IMF: Italy's debt high, withdraw inefficient anti-crisis measures
The International Monetary Fund's recommendations in its report at the end of its mission to Italy, as stipulated in Article IV of the organisation's statute.
2' min read
2' min read
The Italian economy recovered well from the pandemic and energy shocks, thanks to tourism and supportive policies. While contributing to the recovery, expansionary fiscal policy has kept the deficit and public debt at very high levels, increasing risks for Italy and acting as a brake on private investment. This is the view of the International Monetary Fund in its report at the end of its mission to Italy, as required by Article IV of the organisation's statute.
GDP expected to rise by 0.7 % in 2024 and 2025
Italy's GDP growth is expected to slow down in the coming years, while inflation continues to decline.

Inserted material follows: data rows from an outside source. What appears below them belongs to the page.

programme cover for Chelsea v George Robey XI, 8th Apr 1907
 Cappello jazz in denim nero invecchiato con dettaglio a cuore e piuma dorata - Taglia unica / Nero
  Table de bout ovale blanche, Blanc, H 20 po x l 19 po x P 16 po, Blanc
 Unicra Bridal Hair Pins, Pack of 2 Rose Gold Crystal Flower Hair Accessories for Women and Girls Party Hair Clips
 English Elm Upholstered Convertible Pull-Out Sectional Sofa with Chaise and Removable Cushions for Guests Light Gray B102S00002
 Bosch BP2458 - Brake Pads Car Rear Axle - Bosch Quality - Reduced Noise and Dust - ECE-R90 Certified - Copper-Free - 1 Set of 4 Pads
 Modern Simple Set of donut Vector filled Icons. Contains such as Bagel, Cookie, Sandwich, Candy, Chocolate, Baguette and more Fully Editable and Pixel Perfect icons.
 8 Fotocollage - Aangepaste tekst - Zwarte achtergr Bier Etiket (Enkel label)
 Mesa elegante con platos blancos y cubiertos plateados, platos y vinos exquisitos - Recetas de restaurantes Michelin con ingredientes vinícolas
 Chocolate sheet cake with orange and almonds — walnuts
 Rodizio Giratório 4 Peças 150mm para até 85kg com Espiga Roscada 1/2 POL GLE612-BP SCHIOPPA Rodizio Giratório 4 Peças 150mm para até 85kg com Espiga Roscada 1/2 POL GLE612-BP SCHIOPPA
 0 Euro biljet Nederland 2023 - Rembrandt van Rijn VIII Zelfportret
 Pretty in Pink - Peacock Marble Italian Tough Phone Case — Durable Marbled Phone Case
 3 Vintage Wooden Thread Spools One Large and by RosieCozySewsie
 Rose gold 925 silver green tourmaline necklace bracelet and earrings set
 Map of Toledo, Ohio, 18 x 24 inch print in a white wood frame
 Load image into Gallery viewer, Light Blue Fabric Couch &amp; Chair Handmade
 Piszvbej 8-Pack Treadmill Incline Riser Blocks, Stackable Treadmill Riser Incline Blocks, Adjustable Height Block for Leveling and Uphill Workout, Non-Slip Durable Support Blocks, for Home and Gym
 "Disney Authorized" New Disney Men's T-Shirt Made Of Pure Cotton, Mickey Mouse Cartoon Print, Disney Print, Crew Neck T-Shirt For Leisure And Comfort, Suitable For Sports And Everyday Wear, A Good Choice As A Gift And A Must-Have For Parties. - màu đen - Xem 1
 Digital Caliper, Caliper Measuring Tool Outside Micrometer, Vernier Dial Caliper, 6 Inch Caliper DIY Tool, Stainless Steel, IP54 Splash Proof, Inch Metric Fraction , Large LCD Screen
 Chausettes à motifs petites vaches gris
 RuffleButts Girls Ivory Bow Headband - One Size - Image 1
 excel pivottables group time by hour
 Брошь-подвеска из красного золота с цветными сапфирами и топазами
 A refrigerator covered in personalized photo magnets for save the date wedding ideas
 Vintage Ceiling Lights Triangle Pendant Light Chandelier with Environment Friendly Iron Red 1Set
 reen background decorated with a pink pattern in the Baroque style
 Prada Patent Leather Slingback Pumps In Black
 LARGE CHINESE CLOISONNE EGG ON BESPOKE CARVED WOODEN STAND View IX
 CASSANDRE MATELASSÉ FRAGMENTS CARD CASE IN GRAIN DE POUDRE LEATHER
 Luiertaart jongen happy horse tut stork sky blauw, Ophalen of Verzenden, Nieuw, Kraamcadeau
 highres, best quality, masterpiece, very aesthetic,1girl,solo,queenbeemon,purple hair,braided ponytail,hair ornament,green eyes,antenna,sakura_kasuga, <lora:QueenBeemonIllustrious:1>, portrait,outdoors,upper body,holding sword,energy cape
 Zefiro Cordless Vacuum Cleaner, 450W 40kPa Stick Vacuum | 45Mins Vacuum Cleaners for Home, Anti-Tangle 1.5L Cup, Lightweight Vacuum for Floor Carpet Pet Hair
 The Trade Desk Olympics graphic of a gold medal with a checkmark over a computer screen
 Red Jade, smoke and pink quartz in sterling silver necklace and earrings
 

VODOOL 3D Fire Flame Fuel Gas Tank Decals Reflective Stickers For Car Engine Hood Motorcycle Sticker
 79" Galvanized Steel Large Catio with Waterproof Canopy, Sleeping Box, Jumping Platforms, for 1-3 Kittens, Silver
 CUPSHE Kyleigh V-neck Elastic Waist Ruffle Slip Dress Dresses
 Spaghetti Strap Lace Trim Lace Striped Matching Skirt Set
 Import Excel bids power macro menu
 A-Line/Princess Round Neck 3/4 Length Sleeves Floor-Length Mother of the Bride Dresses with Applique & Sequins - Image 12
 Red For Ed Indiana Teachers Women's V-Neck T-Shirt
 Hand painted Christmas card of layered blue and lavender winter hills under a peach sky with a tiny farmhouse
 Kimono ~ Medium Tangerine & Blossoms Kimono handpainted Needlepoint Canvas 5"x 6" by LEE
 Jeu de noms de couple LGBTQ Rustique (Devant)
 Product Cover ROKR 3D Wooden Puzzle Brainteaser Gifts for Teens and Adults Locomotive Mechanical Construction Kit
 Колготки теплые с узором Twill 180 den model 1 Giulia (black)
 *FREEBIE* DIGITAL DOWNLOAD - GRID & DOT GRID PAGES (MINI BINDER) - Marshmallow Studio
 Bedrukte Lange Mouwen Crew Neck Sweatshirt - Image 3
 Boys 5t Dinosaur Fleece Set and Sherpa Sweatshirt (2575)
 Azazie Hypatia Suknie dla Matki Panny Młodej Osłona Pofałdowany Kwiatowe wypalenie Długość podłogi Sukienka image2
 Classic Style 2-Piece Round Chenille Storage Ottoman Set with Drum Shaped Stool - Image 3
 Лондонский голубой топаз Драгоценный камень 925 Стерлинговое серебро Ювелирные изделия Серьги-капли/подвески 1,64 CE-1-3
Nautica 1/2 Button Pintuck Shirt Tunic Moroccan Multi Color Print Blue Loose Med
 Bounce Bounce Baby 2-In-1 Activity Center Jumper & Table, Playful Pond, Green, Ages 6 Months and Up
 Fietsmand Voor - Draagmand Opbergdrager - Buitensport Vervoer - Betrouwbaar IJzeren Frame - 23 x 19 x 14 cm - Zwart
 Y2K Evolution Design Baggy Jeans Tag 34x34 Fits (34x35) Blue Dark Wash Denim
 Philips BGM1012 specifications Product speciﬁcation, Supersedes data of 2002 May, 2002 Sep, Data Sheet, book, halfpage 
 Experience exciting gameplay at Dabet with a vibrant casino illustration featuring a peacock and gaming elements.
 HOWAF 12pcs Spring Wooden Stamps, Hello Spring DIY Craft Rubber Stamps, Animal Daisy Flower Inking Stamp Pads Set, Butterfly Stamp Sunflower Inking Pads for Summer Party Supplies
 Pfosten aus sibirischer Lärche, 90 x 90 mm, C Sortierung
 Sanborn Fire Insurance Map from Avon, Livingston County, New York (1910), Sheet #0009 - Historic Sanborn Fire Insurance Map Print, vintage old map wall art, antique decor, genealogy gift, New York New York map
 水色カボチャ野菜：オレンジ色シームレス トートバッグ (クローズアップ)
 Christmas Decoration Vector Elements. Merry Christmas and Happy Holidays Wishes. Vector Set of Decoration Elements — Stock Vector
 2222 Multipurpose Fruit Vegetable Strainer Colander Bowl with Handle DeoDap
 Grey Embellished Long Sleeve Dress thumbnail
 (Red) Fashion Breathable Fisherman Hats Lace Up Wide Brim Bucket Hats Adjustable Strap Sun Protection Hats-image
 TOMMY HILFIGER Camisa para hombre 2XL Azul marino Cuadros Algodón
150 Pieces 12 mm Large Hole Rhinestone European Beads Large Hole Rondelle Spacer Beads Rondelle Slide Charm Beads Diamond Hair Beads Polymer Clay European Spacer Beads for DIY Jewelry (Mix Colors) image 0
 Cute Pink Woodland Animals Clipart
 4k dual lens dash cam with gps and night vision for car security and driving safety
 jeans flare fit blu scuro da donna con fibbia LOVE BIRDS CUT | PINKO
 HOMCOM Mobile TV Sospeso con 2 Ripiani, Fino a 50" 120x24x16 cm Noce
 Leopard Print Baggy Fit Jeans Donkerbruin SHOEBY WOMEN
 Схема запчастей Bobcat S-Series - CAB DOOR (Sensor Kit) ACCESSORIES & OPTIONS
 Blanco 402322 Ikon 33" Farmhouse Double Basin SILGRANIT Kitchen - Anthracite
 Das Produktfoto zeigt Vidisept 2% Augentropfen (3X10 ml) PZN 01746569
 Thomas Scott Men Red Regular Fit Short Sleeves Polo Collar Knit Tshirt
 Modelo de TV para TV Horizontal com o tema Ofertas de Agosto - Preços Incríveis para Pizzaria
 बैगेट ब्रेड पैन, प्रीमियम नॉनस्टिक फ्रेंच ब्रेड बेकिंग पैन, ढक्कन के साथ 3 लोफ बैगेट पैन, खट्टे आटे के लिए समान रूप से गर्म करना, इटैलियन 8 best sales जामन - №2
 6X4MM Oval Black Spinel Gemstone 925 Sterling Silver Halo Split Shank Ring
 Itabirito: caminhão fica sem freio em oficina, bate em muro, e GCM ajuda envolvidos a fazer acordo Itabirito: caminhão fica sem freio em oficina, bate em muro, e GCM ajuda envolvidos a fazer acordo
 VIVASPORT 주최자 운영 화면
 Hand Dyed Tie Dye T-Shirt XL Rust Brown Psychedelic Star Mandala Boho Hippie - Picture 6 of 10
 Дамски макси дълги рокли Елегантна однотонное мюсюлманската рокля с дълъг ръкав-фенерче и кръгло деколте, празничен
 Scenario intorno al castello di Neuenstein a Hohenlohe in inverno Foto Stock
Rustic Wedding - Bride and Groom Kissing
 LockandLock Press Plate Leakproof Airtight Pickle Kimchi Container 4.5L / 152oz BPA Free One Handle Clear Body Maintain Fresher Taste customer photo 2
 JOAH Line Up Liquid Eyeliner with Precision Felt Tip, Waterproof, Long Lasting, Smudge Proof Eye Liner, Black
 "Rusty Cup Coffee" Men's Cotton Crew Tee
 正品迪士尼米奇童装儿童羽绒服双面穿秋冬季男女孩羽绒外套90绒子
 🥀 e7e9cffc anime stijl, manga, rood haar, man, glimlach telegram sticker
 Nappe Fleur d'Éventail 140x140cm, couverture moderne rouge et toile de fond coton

After +0.9 per cent in 2023, GDP is expected to rise by 0.7 per cent in 2024 and 2025, with Pnrr spending largely offsetting the end of residential investment supported by the Superbonus. A subsequent temporary slowdown in growth could thus be expected in 2026 and 2027, with the completion of the Pnrr. Then, the growth should return to its potential. Inflation is expected to decline to an average of 1.7 per cent in 2024, before returning to the target of 2 per cent in 2025.
Removing inefficient measures
."Although it has contributed to the recovery, expansionary fiscal policy has kept the deficit and debt very high, raising Italy's risk premium," weighing on private sector investment, says the IMF. "It is possible to achieve a faster-than-expected fiscal adjustment to reduce debt with a high level of confidence and limited cost to growth by withdrawing inefficient and temporary crisis measures," the Fund highlights.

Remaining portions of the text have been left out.